The cloud needs governance bodies that deal with standardization of services and other shared infrastructure issues. Your organization needs some sort of interface to this group. Your level of involvement depends on your level of involvement in the cloud. Your organization needs technology that helps you automatically monitor what happens in the cloud.
Establishing your cloud computing governance body
You need your own group of people who understand your business to deal with the business of the cloud. This governance board might consist of representatives of corporate, departmental, and IT management to help encourage communication — the kind necessary to link IT management and the business. This board may also create other groups responsible for different aspects of governance. For example, it might create a group that needs to understand cloud standards, or it may leverage an IT security group.
Of course, an important part of this governance structure will be a group of individuals who actually deal with the cloud providers to negotiate terms and conditions and to be the point group(s) for managing the cloud provider(s).
This governing body should be ongoing, with authority across the enterprise and with a mechanism for communicating business objectives and changes to IT management. Ideally, it will have executive-level endorsement to make its job easier.
Monitoring and measuring IT service performance in a cloud computing environment
In addition to interacting with your cloud provider(s), you must also monitor what these cloud providers are doing. Depending on the situation, this may mean investing in technology that sees into cloud operations.
Many companies use a dashboard, which is an interface that holds the different services and shows how your performance measures up to your goals. This dashboard also needs to include information from the cloud. Quite a few emerging vendors provide tools that enable companies to monitor their cloud providers.

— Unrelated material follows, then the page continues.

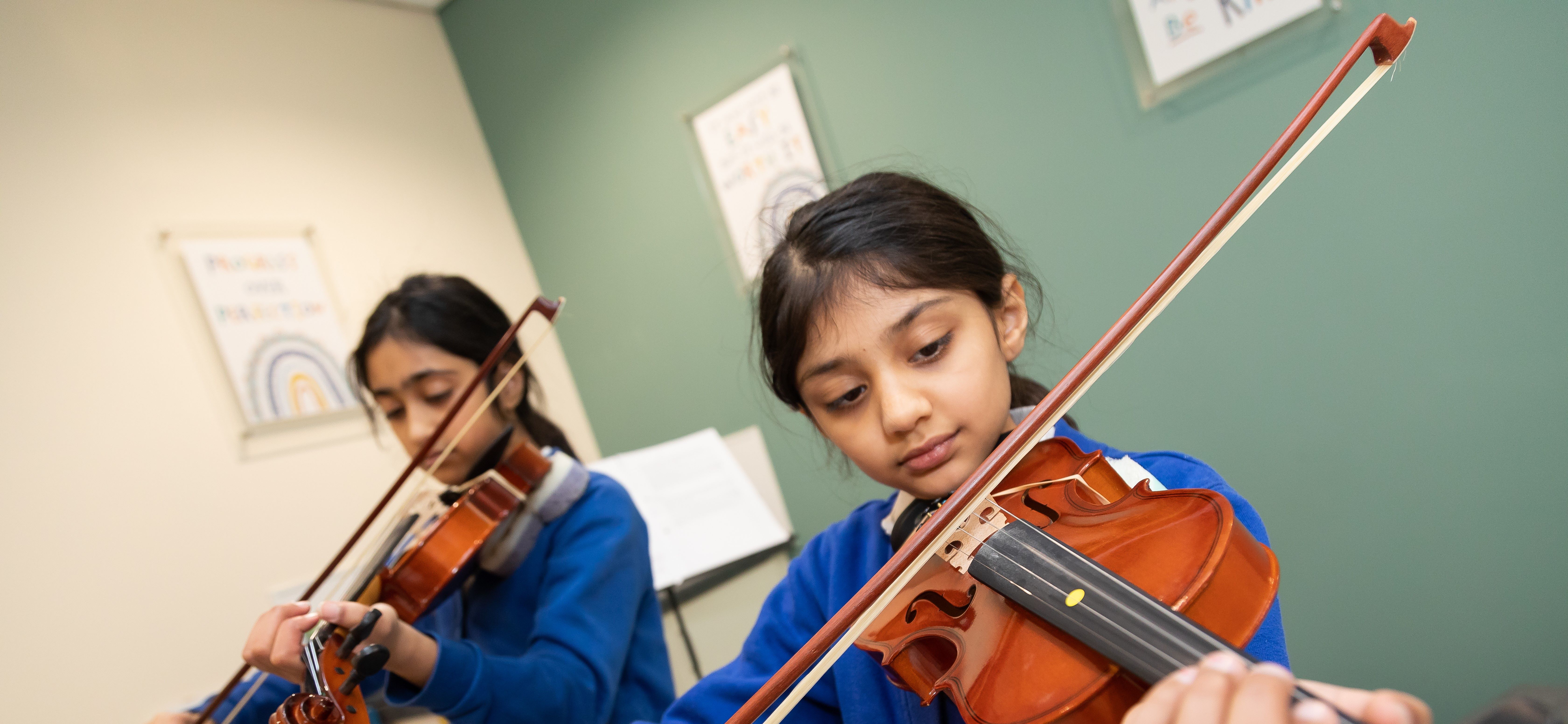 Pupils playing violins KAM_2791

Cataloging control and compliance data in cloud computing
Many organizations use a service catalog as a record of IT services. This should be extended to the cloud. The catalog can include information such as
Whom to contact about a service
Who has authority to change the service
Which critical applications are related to the service
Outages or other incidents related to the service
Information about the relationships among services
Documentation of all agreements between IT and the customer/service user.